I’m making lemon ricotta pancakes while everybody is sleeping. I’m slicing oranges or peaches or berries. I’m walking to the bakery before the day gets too hot for croissants and pains au chocolat. There’s a gentleness to scrambled eggs. The pan is barely warm, and the spoon moves sleepily back and forth. Chives and fleur de sel to finish. It is simple and good and too big to be turned into a metaphor. I’m making coffee and tea and maybe lemonade with mint. When we all sit for breakfast it is a blessing.

My kitchen is full of stubborn smells: onion and garlic and olive oil and tomato and coffee. They cling to hair and skin, the way love does. There are too many dishes in the sink and the tile catches the quietest ray of sun. The bottles crowd on top of the fridge. There’s an origami frog hidden on top of the cabinets, too far for me to reach.

Sometimes I make myself breakfast and serve it in bed the same way I would for my lover: hot chocolate and toast and perfectly cut-up fruit. I make it beautiful because I am still asking forgiveness. I’m trying to make this kindness a habit.

On long summer days I take my friends to walk by the river and when we come back I make a big bowl of pasta aglio e olio to share.

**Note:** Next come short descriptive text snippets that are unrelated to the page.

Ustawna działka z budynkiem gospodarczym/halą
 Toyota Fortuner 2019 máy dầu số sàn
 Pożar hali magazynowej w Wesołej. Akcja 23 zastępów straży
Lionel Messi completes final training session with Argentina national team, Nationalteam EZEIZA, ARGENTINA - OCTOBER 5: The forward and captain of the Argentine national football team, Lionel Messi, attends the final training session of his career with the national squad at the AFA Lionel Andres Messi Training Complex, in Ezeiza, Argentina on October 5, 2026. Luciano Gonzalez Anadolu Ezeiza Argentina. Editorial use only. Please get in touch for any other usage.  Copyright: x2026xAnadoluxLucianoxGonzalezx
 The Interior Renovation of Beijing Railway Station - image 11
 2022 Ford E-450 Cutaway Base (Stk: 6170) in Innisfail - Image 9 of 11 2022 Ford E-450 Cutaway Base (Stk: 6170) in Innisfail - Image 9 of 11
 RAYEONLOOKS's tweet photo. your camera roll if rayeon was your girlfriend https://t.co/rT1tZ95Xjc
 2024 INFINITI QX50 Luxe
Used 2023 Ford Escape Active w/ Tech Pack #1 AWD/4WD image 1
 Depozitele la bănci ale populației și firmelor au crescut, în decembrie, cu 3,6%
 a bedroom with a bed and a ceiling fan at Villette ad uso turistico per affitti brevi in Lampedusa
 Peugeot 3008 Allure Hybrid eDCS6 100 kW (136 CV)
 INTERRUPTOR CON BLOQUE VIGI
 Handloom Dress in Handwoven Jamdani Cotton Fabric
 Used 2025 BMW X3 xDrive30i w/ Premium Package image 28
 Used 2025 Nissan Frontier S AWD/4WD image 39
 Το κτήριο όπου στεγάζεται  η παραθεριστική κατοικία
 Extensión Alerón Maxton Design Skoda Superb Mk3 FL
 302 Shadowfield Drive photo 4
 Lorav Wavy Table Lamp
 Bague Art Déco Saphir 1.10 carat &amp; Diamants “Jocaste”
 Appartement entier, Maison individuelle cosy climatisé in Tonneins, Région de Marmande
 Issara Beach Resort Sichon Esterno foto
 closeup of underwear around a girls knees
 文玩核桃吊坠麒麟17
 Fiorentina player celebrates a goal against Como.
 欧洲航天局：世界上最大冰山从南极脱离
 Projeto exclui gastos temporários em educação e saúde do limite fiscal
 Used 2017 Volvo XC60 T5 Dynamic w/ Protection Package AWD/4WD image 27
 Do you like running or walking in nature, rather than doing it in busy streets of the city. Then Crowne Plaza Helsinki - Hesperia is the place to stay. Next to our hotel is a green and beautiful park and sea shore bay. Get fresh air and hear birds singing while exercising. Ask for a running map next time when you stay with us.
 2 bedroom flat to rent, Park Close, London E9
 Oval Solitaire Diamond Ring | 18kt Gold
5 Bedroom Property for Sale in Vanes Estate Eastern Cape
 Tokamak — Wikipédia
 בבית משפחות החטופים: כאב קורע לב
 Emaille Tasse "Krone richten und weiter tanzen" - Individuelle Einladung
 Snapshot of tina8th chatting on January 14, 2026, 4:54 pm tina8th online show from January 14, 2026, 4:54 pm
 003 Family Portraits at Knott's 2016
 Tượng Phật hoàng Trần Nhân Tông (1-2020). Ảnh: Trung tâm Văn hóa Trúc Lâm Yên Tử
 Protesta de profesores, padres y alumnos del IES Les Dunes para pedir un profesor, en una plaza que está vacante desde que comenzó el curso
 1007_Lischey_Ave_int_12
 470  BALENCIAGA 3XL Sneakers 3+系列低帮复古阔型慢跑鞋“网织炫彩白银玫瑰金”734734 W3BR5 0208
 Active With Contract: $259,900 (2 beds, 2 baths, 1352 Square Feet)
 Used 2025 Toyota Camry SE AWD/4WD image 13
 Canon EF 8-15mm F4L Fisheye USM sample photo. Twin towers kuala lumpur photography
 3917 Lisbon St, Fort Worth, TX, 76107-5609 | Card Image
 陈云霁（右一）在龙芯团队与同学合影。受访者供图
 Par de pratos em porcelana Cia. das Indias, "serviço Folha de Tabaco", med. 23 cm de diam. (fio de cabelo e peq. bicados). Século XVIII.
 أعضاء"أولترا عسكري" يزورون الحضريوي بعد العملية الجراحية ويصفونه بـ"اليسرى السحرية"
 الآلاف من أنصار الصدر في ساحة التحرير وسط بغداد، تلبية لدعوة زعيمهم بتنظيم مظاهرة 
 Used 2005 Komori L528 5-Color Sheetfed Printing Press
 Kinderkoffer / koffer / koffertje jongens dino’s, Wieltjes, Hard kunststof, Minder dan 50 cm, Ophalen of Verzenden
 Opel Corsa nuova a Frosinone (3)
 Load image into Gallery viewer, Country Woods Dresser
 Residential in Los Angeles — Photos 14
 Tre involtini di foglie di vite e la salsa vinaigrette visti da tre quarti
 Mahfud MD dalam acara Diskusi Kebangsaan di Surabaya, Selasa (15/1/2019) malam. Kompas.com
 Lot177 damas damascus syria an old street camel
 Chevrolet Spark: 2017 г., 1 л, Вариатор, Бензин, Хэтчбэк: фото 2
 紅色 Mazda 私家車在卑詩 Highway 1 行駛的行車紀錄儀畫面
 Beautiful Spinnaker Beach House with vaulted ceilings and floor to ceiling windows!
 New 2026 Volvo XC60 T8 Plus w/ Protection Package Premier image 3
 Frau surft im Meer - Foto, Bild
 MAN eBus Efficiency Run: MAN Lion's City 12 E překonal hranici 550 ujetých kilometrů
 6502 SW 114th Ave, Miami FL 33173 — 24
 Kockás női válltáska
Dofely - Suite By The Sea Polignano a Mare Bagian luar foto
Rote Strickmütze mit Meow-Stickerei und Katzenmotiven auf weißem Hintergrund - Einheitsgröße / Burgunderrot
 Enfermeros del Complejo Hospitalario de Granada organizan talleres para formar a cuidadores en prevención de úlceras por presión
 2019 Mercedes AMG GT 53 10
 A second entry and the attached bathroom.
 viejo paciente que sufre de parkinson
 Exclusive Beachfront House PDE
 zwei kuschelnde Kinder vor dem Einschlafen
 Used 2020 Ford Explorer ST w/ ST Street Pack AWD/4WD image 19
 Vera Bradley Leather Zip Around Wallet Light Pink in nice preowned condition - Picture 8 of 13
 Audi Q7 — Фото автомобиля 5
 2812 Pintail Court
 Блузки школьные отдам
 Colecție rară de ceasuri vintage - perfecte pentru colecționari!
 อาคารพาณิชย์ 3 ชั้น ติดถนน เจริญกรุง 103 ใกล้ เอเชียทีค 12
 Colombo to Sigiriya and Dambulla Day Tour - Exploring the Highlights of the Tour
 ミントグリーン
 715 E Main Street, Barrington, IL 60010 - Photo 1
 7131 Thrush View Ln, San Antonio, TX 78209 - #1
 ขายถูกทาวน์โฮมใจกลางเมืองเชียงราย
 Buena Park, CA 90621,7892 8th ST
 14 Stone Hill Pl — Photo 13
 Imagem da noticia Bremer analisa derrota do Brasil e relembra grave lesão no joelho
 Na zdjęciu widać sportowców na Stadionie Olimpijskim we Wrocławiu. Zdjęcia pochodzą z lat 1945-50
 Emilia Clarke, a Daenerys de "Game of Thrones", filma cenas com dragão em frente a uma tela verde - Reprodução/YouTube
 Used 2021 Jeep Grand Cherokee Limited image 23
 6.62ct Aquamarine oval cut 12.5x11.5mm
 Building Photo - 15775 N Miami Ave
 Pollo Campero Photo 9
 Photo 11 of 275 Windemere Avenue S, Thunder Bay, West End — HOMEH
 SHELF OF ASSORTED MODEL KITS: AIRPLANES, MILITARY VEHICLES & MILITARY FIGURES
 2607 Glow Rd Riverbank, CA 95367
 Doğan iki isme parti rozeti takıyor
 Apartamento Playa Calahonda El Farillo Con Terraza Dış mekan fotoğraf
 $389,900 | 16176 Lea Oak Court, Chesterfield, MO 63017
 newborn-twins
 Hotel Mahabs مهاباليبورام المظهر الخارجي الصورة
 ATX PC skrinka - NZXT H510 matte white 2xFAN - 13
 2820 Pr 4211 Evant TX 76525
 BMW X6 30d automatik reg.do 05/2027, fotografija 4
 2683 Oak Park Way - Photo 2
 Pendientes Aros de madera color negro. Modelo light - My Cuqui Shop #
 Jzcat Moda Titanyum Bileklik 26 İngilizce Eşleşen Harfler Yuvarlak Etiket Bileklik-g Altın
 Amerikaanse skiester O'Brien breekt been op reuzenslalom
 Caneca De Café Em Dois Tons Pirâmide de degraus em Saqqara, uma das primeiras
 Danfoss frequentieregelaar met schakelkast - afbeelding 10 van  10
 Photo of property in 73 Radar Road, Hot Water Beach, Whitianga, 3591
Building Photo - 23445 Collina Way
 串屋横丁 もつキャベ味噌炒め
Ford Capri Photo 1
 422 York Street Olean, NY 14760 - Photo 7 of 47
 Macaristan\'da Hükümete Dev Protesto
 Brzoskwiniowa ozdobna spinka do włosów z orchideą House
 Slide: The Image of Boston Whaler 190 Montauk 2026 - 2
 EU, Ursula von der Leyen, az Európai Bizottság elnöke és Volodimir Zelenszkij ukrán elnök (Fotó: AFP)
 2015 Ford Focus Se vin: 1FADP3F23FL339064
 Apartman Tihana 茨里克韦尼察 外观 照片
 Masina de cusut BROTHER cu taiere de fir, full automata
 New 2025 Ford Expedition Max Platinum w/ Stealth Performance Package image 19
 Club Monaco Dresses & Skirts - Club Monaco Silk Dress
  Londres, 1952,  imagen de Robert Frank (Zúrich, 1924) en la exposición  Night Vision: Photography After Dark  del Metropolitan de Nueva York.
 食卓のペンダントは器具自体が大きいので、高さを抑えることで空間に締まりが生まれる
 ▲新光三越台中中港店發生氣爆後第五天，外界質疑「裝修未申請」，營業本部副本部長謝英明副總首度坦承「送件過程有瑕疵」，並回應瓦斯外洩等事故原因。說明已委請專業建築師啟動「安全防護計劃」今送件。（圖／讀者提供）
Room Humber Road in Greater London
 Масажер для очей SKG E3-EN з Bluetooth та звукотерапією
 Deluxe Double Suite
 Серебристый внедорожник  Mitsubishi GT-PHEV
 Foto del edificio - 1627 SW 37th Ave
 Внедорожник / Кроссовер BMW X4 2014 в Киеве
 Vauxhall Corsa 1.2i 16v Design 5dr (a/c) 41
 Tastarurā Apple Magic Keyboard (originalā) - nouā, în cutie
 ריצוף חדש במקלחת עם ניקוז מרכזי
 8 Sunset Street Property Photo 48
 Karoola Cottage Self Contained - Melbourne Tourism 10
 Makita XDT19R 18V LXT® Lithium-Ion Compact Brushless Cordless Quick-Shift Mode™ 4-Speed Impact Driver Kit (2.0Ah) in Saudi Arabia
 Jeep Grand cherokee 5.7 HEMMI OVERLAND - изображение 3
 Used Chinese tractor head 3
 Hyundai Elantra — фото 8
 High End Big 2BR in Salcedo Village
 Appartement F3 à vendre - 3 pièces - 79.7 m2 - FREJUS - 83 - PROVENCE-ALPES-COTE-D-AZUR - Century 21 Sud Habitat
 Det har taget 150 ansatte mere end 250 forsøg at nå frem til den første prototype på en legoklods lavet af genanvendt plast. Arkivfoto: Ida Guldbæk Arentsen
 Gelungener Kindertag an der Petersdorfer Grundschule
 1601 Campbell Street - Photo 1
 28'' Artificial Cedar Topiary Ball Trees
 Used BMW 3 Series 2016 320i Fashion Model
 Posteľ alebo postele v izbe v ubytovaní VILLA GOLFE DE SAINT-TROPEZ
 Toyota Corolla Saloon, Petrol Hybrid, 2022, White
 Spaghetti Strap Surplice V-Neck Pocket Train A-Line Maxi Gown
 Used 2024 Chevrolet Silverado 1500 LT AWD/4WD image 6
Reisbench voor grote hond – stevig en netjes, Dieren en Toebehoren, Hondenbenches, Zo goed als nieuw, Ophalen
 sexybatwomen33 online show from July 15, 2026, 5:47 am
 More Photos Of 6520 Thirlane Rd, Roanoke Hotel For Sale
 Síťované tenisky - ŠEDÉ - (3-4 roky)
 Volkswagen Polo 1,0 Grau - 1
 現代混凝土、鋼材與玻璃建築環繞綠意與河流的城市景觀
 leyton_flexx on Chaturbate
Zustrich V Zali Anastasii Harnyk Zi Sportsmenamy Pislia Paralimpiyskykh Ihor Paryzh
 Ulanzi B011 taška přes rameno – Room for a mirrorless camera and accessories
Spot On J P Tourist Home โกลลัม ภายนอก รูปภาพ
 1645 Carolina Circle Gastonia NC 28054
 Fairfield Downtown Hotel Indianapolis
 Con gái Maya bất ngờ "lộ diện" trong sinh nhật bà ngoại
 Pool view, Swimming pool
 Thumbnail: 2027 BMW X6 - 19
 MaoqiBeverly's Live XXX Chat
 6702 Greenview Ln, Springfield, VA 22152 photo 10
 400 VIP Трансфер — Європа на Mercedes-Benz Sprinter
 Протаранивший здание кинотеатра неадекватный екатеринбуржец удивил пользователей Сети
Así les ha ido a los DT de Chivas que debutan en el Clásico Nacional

I roast strawberries for ice cream, and on a hot evening we pull it out of the fridge and eat it with big spoons and we are still children. Recipes say “this is a labor of love” and it sounds like an apology, but the work of love breathes into my kitchen. You can taste every minute of it in the slow-simmered broth, in the rising dough, in the clumsily folded dumplings and the warmth of soup.

I count days and weeks in produce. Bright strawberries then cherries then peaches then figs and tomatoes and grapes right as summer dies. All kinds of squash and mushrooms and deep green leeks for warm stew and company in the winter. Sweet clementines and oranges I dip in cinnamon and blood oranges blushing on the kitchen table. Not so long ago when I was angry and confused I thought maybe I needed to live for something or maybe there was nothing to live for. Now I’m happy to live for nothing but ripe tomatoes kissed by salt and olive oil.

Some winter mornings the sky is bright and blue for maybe an hour, and then clouds gather and crowd and it quiets down. When I come home on those evenings I still carry that little blue pink yellow sky triangle I met in the morning, holding its breath between two buildings. Some days my grey kitchen looks me right in the eye, and I see all its blue and sweet summer mornings. My kitchen is a love letter: to sunday mornings, to joyful dinners eaten on the floor with all the windows open, to me.

Barbara Lewis is playing and I’m stirring the tomato sauce. I let it stick and brown and get lovely. I am on the phone with you. There’s roasted eggplant and basil and maybe a little cinnamon in the sauce. I fill up my bowl with warm pasta and eat it sitting alone at the kitchen table and it is evidence: everyday I am a little less lonely.